Amanda Gefter’s “Finding Peter Putnam” is one of the most remarkable life stories I’ve ever read; here’s a snippet to give you an idea of who he was:
His name was Peter Putnam. He was a physicist who’d hung out with Albert Einstein, John Archibald Wheeler, and Niels Bohr […] “Only two or three times in my life have I met thinkers with insights so far reaching, a breadth of vision so great, and a mind so keen as Putnam’s,” Wheeler said in 1991. And Wheeler, who coined the terms “black hole” and “wormhole,” had worked alongside some of the greatest minds in science.
Robert Works Fuller, a physicist and former president of Oberlin College, who worked closely with Putnam in the 1960s, told me in 2012, “Putnam really should be regarded as one of the great philosophers of the 20th century. Yet he’s completely unknown.”
His ideas, insofar as I understood them, do sound remarkable and prescient. But I’m bringing it to LH for this tidbit:
Just then, a perfect opportunity arose to present Putnam to the public. Wheeler was invited by the Neurosciences Research Program at MIT to speak at their March 1975 meeting on “reality and consciousness.” He insisted he could only do it as half of a pair. […]
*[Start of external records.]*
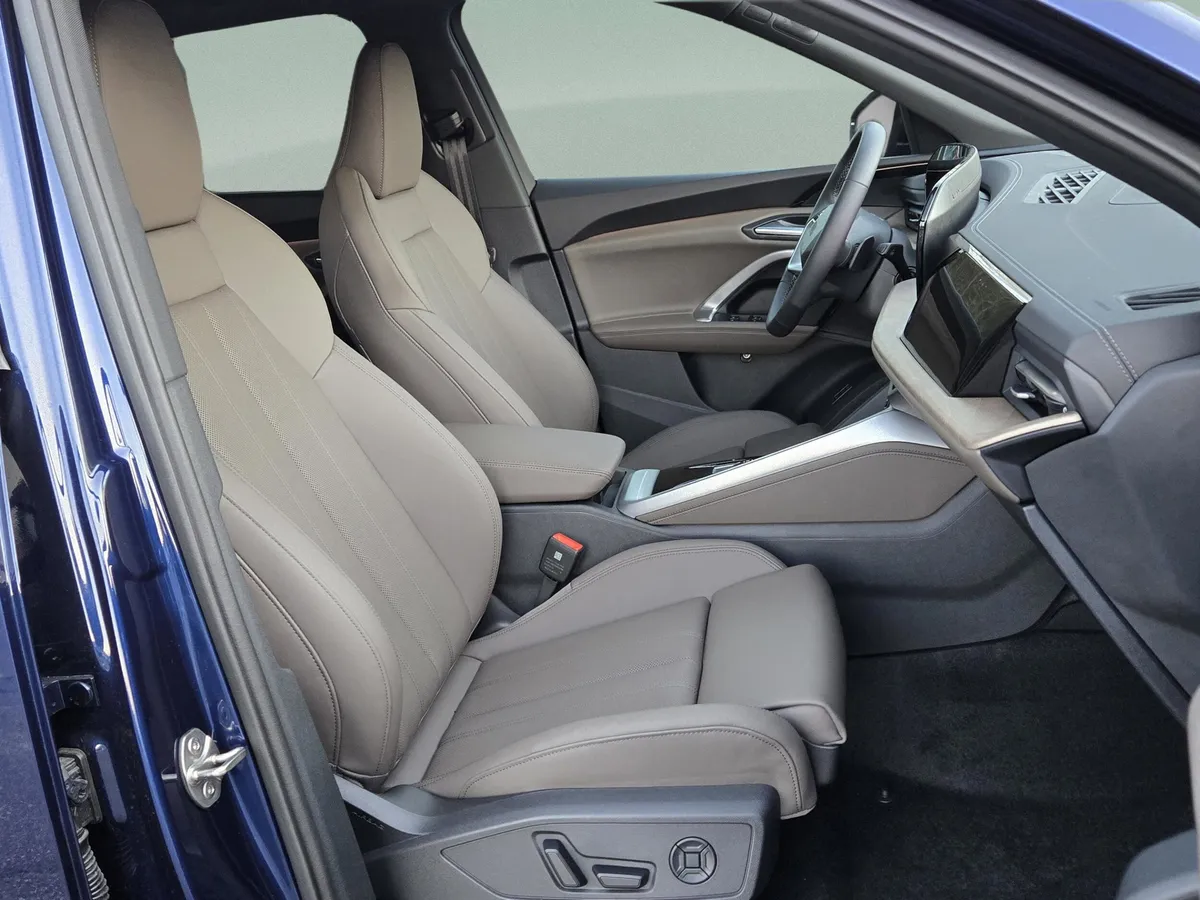 2025 Audi Q5 Premium Plus thumbnail 30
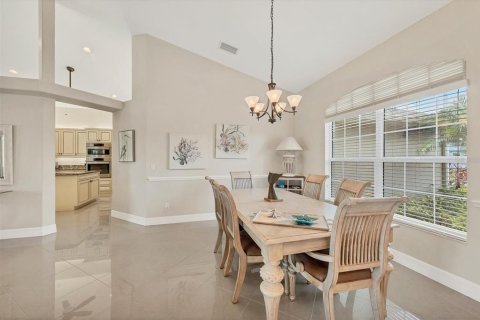 House in Port Charlotte, Florida 3 bedrooms, 231.51 sq.m. № 1736363 - photo 10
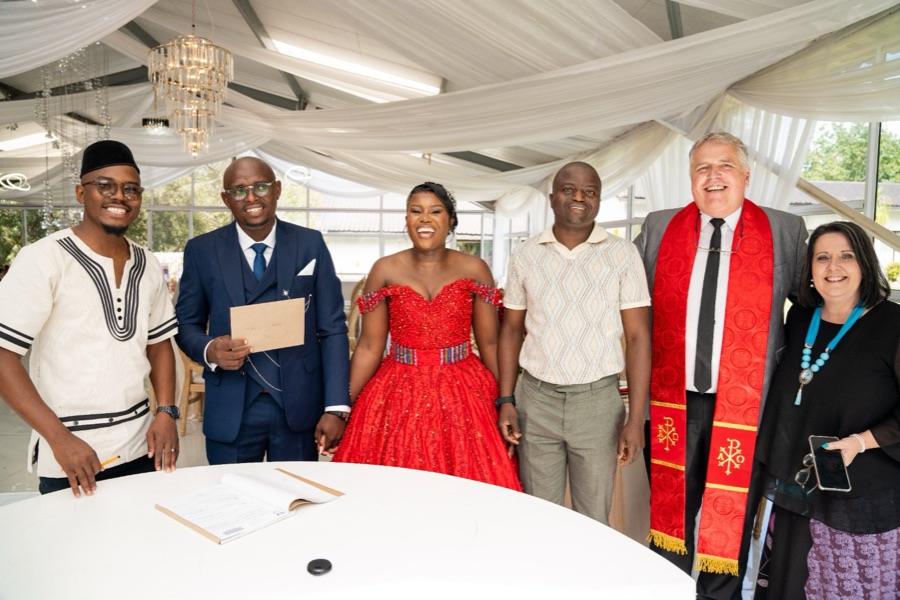 Wedding ceremony by Dr. Gerrit Rademeyer in Hankey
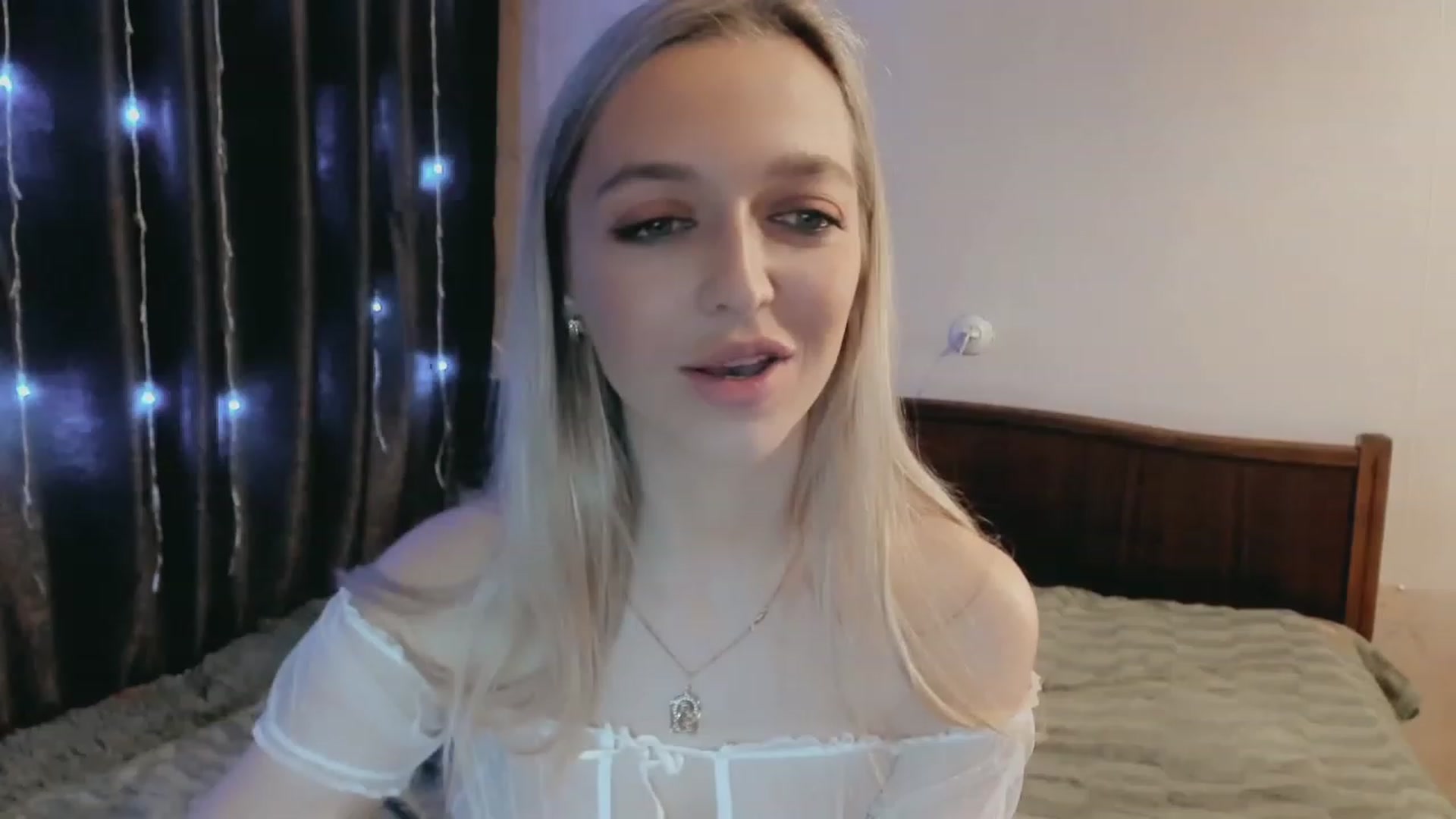 Gallery image thumbnail from Ambri_Lili's myfreecams stream on, 03/26/2023, 18:12 image 20 of 20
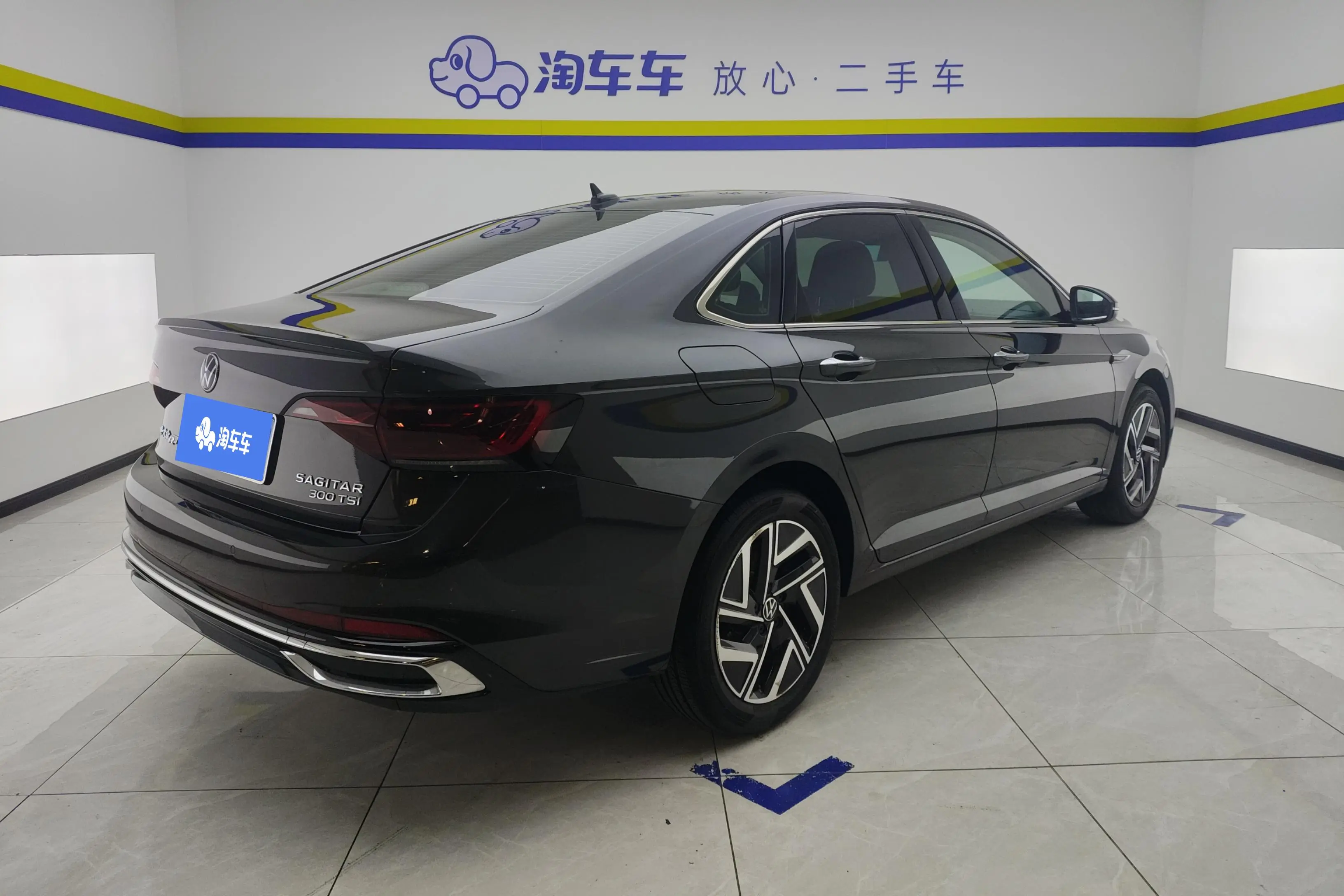 Volkswagen Sagitar
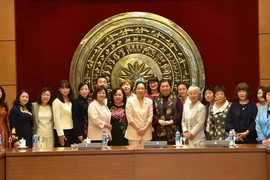 Phó Chủ tịch Thường trực Quốc hội Tòng Thị Phóng với các đại biểu chụp ảnh chung. (Ảnh: Dương Giang/TTXVN)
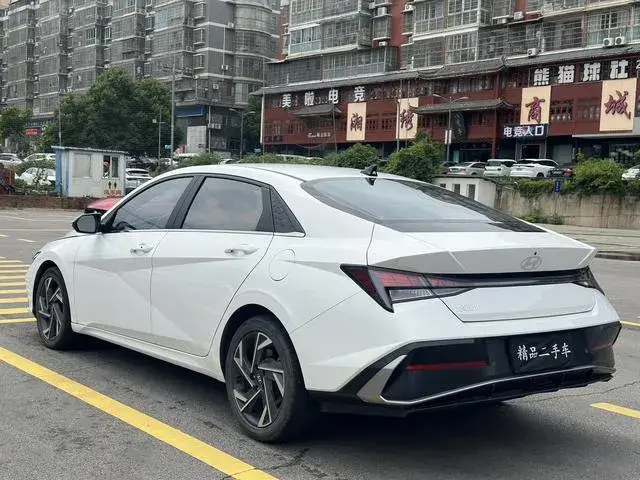 HYUNDAI ELANTRA 2023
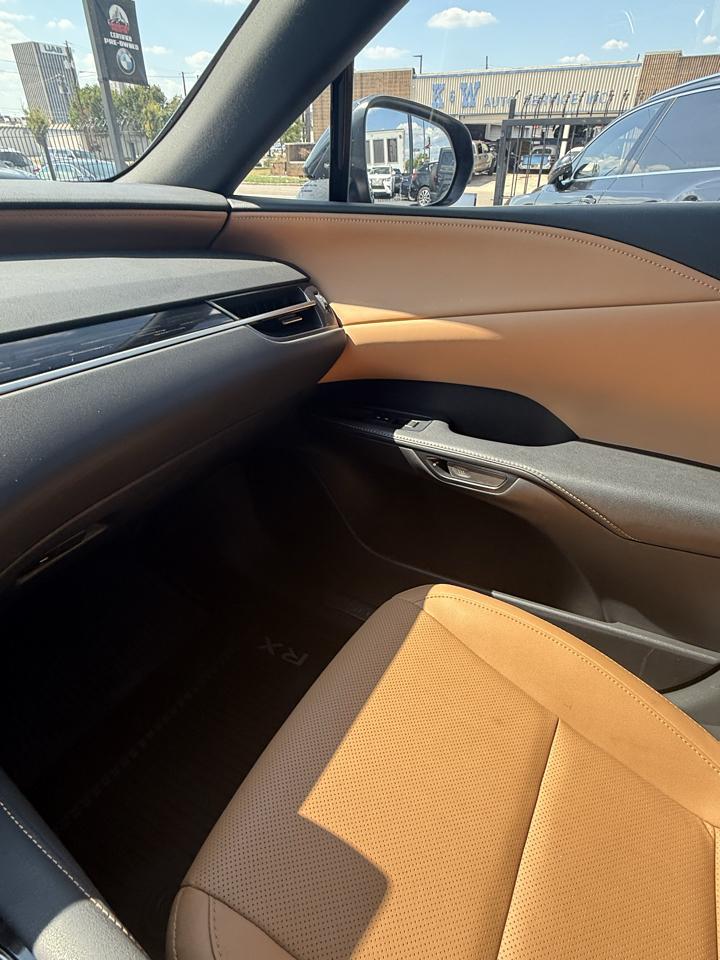 Lexus RX  2025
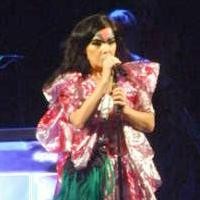 Panggung Disulap Bjork jadi Taman Bermain (2)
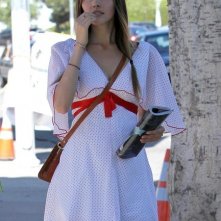 Isabel Lucas con un'amica per strada in una bella giornata di ottobre a Los Feliz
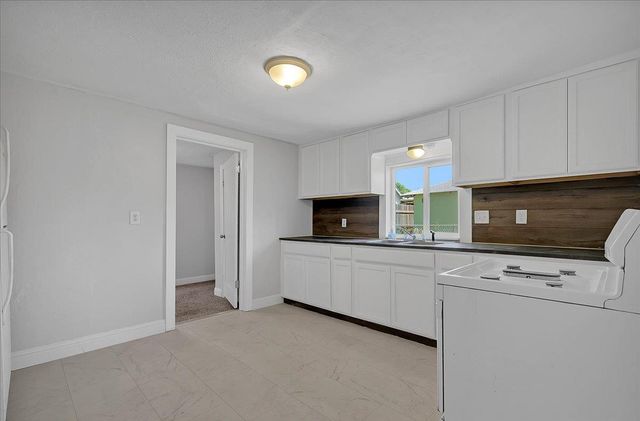 1613 9th Ave, Olivehurst, CA 95961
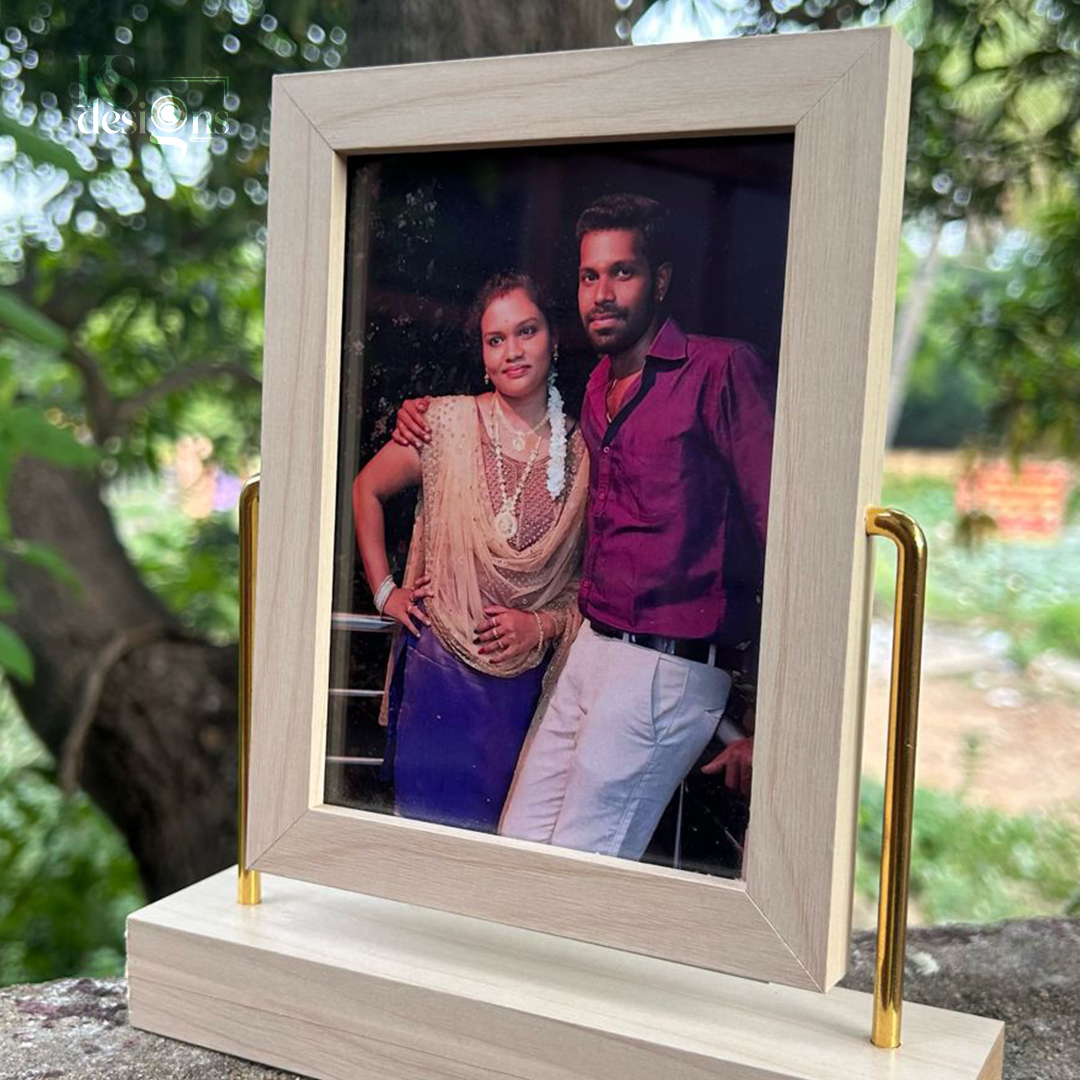 Golden Stand Flip Frame Golden Stand Flip Frame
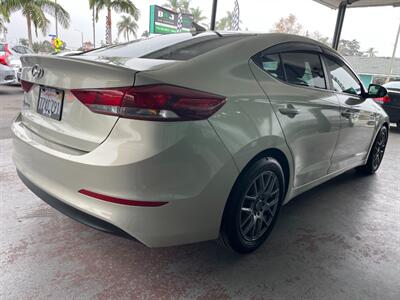 2017 Hyundai ELANTRA SE   - Photo 10 - Orange, CA 92868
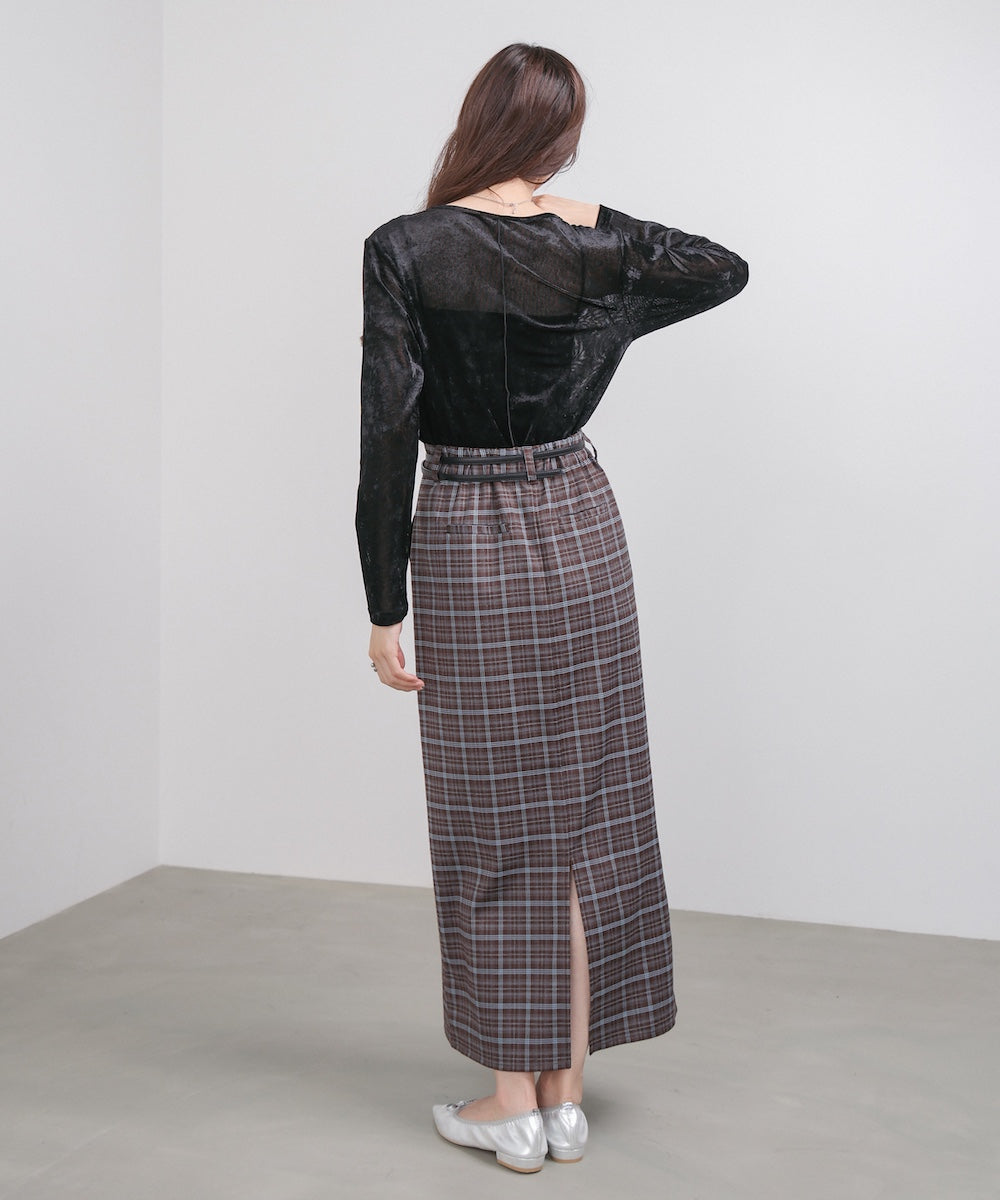 フロントタックIラインスカート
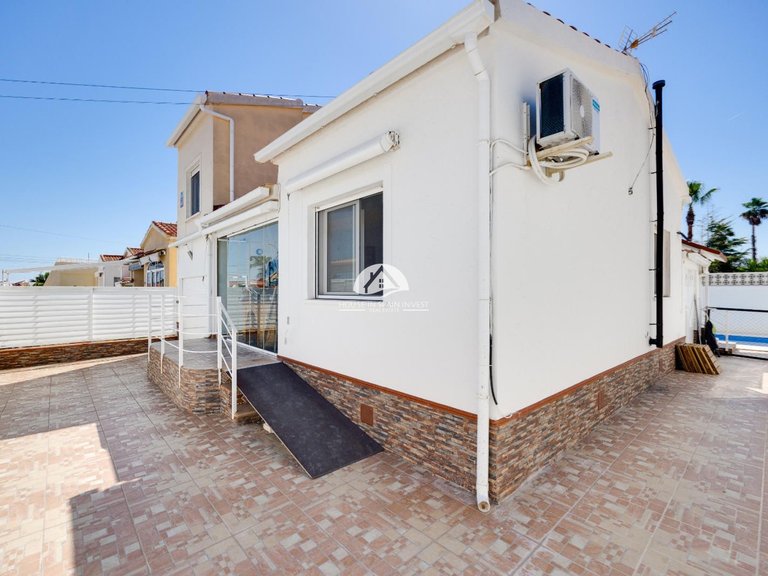 Villa for Sale in La Marina San Fulgencio, Alicante 5
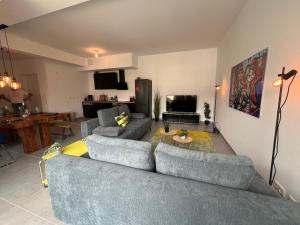 Design am Rhein I Zentral I 2BR I Aufzug I Dachterrasse I Parken I helloYOU apartments x BRIGHT Collection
I listened to the meeting, recorded on a reel-to-reel, stowed away in the archives at MIT. Here, finally, was Putnam’s chance to explain his ideas to the top neuroscientists of the time. I pressed the headphones tight against my ears.
Wheeler had just finished speaking about the observer in quantum mechanics and introduced Putnam with a warning. “Some terms Peter uses, one needs a glossary to translate.” Wheeler placed a transparency on the projector—he’d made an actual glossary of Putnam’s terms. The crowd burst into laughter. I didn’t have to see Putnam’s face to feel it growing hot. When he began to speak, he stuttered.
“You only perceive signals that are useful for shaping behavior … A game is a special kind of mathematics … But for a game you need a goal function … We’re suggesting that the category repetition is a candidate … You’re searching for rules of choice that allow a repeating or self-reproducing path … There’s a transcendental core to the laws of physics themselves …”
The crowd grew restless. Wheeler’s talk had gone long, and there wasn’t time for Putnam to finish. The neuroscientists headed out for lunch and the tape cut out.
There are probably quite a few people who would benefit from such a glossary when they give talks. Thanks, Nick!